Escucha ruidos, se asusta, piensa romper el papel. Pero no, “extrajo el arrugado papel de su camisa y contempló el alif. Le pareció diferente a cuantas letras pudiera haber escrito hasta entonces; notó en ella una devoción de la que adolecían las demás … era la primera letra que escribía tratando de representar a Dios en ella, igual que le sucedía a Arbasia con sus imágenes sagradas”.
Días después va a visitar a Arbasia a su casa. “Esa misma mañana había descubierto el último rostro que Arbasia había pintado en el fresco de la Santa Cena que embellecía la capilla del Sagrario. La pintura aparecía en el frontón, sobre la misma hornacina destinada a guardar el cuerpo de Cristo, el lugar principal. Hernando no pudo apartar los ojos de la figura que se sentaba a la izquierda del Señor, abrazada por Él; parecía… ¡parecía una mujer!”
Le preguntó al maestro italiano por aquella figura, y respondió cortante: “Se trata de san Juan”, aun así, Hernando siguió con lo que pensaba: “ante tu obra he visto en el Jesucristo que has pintado a un hombre normal, a un ser humano que abraza a una… que abraza a alguien con cariño, amable, sonriente incluso. No es el Jesucristo Hijo de Dios, omnímodo, todopoderoso, sufriente y herido, ensangrentado, que puede verse en todos y cada uno de los rincones de la catedral”.
Poco antes, “las palabras que aquella tarde había pronunciado Arbasia, citando a Leonardo da Vinci y hablando de buscar a Dios en las imágenes, le habían hecho pensar en otras que en su día le dirigiera don Julián en el silencio de aquella misma capilla:
- Lee, pues tu Señor es el más generoso. Él es el que ha enseñado al hombre a servirse del cálamo.
- ¿Qué significan estas aleyas? -le interrogó entonces Hernando.

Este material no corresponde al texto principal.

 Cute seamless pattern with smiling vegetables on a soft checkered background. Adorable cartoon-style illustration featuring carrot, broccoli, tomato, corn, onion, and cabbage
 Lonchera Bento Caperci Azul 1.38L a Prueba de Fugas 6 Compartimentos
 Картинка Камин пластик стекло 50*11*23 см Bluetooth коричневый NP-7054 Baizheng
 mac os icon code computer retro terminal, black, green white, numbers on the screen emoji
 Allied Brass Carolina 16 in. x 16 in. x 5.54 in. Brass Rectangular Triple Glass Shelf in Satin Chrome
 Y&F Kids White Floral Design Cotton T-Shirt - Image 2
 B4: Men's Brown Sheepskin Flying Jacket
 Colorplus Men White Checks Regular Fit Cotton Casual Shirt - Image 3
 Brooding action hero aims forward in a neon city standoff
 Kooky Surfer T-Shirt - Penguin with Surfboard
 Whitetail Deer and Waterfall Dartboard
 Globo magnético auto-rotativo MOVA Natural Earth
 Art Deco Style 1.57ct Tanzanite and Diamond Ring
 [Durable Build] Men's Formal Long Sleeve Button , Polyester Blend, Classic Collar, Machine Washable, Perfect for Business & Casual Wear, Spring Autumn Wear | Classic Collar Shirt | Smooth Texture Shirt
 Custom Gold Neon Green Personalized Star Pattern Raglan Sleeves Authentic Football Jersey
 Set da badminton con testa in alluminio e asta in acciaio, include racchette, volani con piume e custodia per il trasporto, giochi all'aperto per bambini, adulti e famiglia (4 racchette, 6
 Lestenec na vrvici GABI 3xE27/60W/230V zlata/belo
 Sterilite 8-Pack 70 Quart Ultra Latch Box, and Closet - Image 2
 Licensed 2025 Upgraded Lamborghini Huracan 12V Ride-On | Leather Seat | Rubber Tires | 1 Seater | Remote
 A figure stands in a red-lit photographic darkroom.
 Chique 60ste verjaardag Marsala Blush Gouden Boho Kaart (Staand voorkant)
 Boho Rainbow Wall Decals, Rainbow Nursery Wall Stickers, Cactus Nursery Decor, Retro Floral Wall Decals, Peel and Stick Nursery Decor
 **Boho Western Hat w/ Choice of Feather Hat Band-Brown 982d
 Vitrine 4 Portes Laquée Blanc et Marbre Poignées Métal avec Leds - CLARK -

- Establecen la relación divina entre los creyentes y Dios a través de la caligrafía. Debemos honrar a la palabra revelada. A través de la caligrafía permitimos la visualización de la Revelación, de la palabra divina. Todos los grandes calígrafos se han esforzado por embellecer la Palabra. Los fieles deben poder encontrar la Revelación escrita en sus lugares de oración para que siempre la recuerden y la tengan ante sus ojos, y cuanto más bella sea, mejor.
A lo largo de aquellas jornadas en las que ambos copiaron ejemplares del Corán, don Julián le habló de los diferentes tipos de caligrafía, principalmente la cúfica, la elegida por los Omeyas en Córdoba para sacralizar la mezquita, o la cursiva nazarí utilizada en la Alhambra de Granada …
Esa noche, tras acceder a la biblioteca y despabilar las lámparas, Hernando sólo tenía en mente un propósito: coger una pluma y un papel, y entregarse a Dios, igual que hacía Arbasia mediante sus pinturas”.